### [DATA LISTING]
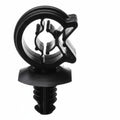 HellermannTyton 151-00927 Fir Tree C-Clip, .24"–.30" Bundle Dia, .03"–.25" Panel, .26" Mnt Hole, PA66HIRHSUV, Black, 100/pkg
---
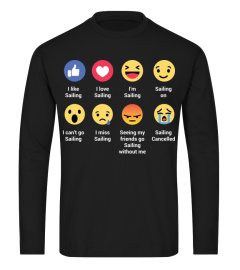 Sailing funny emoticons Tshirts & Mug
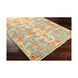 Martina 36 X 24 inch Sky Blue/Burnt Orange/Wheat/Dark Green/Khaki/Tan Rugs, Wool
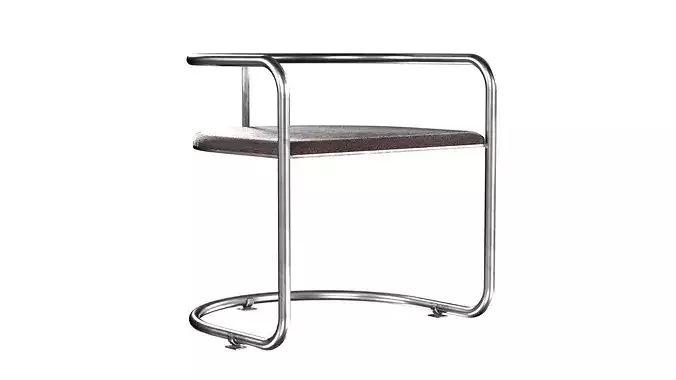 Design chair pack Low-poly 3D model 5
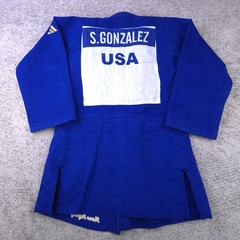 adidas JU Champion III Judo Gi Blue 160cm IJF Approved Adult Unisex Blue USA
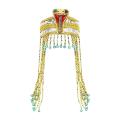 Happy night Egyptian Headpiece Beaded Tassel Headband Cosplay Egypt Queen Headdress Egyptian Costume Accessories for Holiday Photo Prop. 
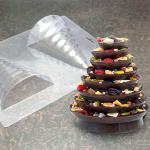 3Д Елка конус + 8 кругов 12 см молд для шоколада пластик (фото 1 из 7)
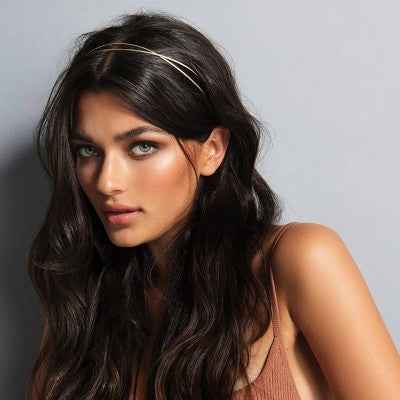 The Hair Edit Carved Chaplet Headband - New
...
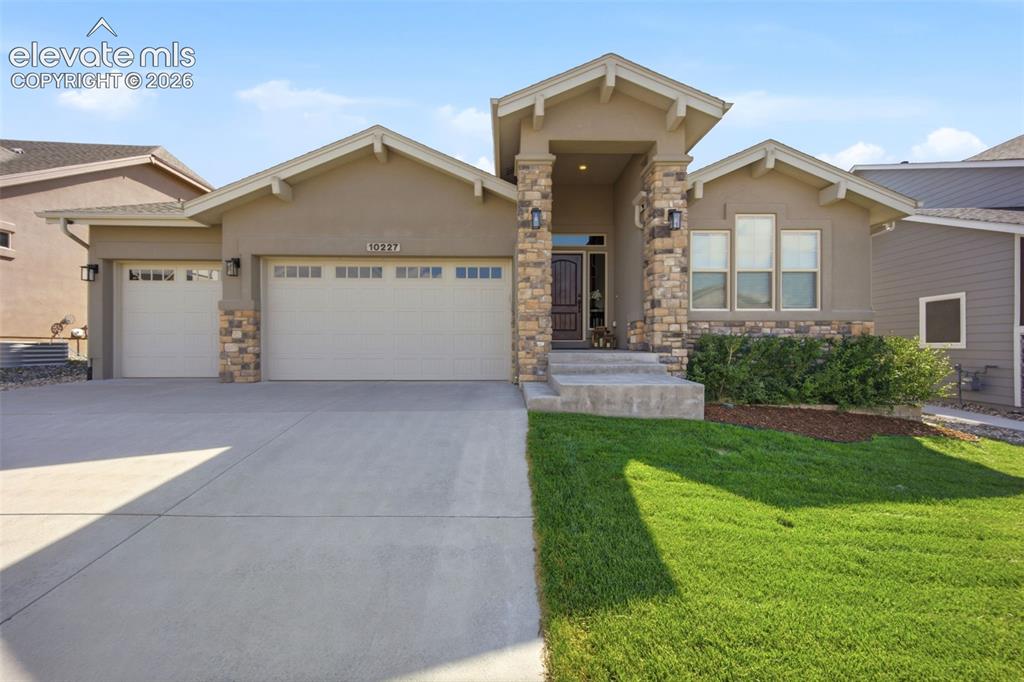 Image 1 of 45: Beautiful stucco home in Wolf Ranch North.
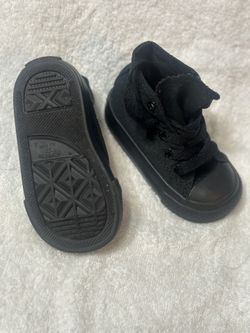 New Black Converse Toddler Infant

### [ACTIVITY]
Write out word for word the lines above that run from the one with "Happy night Egyptian" to the one with "The Hair Edit Carved Chaplet Headband - New". Include both end lines; exclude the images.

### [YOUR RESPONSE]
 Happy night Egyptian Headpiece Beaded Tassel Headband Cosplay Egypt Queen Headdress Egyptian Costume Accessories for Holiday Photo Prop. 
 3Д Елка конус + 8 кругов 12 см молд для шоколада пластик (фото 1 из 7)
 The Hair Edit Carved Chaplet Headband - New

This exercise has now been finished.